--- Data in this exercise Enclosed Below ---

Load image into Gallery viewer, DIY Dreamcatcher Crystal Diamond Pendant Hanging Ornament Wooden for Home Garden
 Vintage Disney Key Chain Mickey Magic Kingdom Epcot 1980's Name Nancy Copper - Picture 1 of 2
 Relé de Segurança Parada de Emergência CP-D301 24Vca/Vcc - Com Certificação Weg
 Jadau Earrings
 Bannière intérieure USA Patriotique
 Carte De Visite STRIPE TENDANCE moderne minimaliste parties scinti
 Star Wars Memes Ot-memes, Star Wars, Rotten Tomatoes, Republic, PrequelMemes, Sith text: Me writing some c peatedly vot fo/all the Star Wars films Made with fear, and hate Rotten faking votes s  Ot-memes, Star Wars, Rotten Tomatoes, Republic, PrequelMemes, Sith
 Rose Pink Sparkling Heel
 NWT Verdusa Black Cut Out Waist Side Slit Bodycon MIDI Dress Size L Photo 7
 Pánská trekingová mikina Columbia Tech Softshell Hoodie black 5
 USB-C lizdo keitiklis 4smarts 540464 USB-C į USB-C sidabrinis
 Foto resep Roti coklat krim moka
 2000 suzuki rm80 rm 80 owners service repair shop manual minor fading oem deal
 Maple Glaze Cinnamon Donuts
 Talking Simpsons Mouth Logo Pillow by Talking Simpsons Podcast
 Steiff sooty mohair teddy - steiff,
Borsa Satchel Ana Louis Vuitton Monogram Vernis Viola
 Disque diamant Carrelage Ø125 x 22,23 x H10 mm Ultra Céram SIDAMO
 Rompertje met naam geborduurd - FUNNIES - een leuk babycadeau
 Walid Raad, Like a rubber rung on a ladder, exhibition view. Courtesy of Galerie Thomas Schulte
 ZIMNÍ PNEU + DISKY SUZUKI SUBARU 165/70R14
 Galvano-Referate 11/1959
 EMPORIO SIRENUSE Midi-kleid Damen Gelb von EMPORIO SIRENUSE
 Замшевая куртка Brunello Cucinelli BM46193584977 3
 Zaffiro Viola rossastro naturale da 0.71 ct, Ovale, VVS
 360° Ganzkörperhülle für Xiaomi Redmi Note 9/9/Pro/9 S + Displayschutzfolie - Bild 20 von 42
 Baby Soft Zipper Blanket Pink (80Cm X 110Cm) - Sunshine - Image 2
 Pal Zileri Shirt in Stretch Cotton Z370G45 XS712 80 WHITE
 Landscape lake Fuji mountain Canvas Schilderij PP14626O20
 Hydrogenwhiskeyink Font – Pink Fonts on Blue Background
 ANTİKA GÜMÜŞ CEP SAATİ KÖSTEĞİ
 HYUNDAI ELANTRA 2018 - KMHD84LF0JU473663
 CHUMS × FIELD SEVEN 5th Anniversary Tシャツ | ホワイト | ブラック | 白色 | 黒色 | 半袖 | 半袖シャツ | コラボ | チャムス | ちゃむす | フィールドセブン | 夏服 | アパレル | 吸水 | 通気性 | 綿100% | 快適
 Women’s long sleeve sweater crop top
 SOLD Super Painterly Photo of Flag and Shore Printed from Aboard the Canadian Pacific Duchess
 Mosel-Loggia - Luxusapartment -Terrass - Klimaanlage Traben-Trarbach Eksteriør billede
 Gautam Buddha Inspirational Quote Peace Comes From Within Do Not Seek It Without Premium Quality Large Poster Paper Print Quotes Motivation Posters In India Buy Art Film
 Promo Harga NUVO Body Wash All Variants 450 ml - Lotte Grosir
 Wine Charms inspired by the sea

--- End of Enclosed Data in this exercise ---

- **Exercise objective**:
Set down the whole of the material again, exactly.

- **Response**:
Load image into Gallery viewer, DIY Dreamcatcher Crystal Diamond Pendant Hanging Ornament Wooden for Home Garden
 Vintage Disney Key Chain Mickey Magic Kingdom Epcot 1980's Name Nancy Copper - Picture 1 of 2
 Relé de Segurança Parada de Emergência CP-D301 24Vca/Vcc - Com Certificação Weg
 Jadau Earrings
 Bannière intérieure USA Patriotique
 Carte De Visite STRIPE TENDANCE moderne minimaliste parties scinti
 Star Wars Memes Ot-memes, Star Wars, Rotten Tomatoes, Republic, PrequelMemes, Sith text: Me writing some c peatedly vot fo/all the Star Wars films Made with fear, and hate Rotten faking votes s  Ot-memes, Star Wars, Rotten Tomatoes, Republic, PrequelMemes, Sith
 Rose Pink Sparkling Heel
 NWT Verdusa Black Cut Out Waist Side Slit Bodycon MIDI Dress Size L Photo 7
 Pánská trekingová mikina Columbia Tech Softshell Hoodie black 5
 USB-C lizdo keitiklis 4smarts 540464 USB-C į USB-C sidabrinis
 Foto resep Roti coklat krim moka
 2000 suzuki rm80 rm 80 owners service repair shop manual minor fading oem deal
 Maple Glaze Cinnamon Donuts
 Talking Simpsons Mouth Logo Pillow by Talking Simpsons Podcast
 Steiff sooty mohair teddy - steiff,
Borsa Satchel Ana Louis Vuitton Monogram Vernis Viola
 Disque diamant Carrelage Ø125 x 22,23 x H10 mm Ultra Céram SIDAMO
 Rompertje met naam geborduurd - FUNNIES - een leuk babycadeau
 Walid Raad, Like a rubber rung on a ladder, exhibition view. Courtesy of Galerie Thomas Schulte
 ZIMNÍ PNEU + DISKY SUZUKI SUBARU 165/70R14
 Galvano-Referate 11/1959
 EMPORIO SIRENUSE Midi-kleid Damen Gelb von EMPORIO SIRENUSE
 Замшевая куртка Brunello Cucinelli BM46193584977 3
 Zaffiro Viola rossastro naturale da 0.71 ct, Ovale, VVS
 360° Ganzkörperhülle für Xiaomi Redmi Note 9/9/Pro/9 S + Displayschutzfolie - Bild 20 von 42
 Baby Soft Zipper Blanket Pink (80Cm X 110Cm) - Sunshine - Image 2
 Pal Zileri Shirt in Stretch Cotton Z370G45 XS712 80 WHITE
 Landscape lake Fuji mountain Canvas Schilderij PP14626O20
 Hydrogenwhiskeyink Font – Pink Fonts on Blue Background
 ANTİKA GÜMÜŞ CEP SAATİ KÖSTEĞİ
 HYUNDAI ELANTRA 2018 - KMHD84LF0JU473663
 CHUMS × FIELD SEVEN 5th Anniversary Tシャツ | ホワイト | ブラック | 白色 | 黒色 | 半袖 | 半袖シャツ | コラボ | チャムス | ちゃむす | フィールドセブン | 夏服 | アパレル | 吸水 | 通気性 | 綿100% | 快適
 Women’s long sleeve sweater crop top
 SOLD Super Painterly Photo of Flag and Shore Printed from Aboard the Canadian Pacific Duchess
 Mosel-Loggia - Luxusapartment -Terrass - Klimaanlage Traben-Trarbach Eksteriør billede
 Gautam Buddha Inspirational Quote Peace Comes From Within Do Not Seek It Without Premium Quality Large Poster Paper Print Quotes Motivation Posters In India Buy Art Film
 Promo Harga NUVO Body Wash All Variants 450 ml - Lotte Grosir
 Wine Charms inspired by the sea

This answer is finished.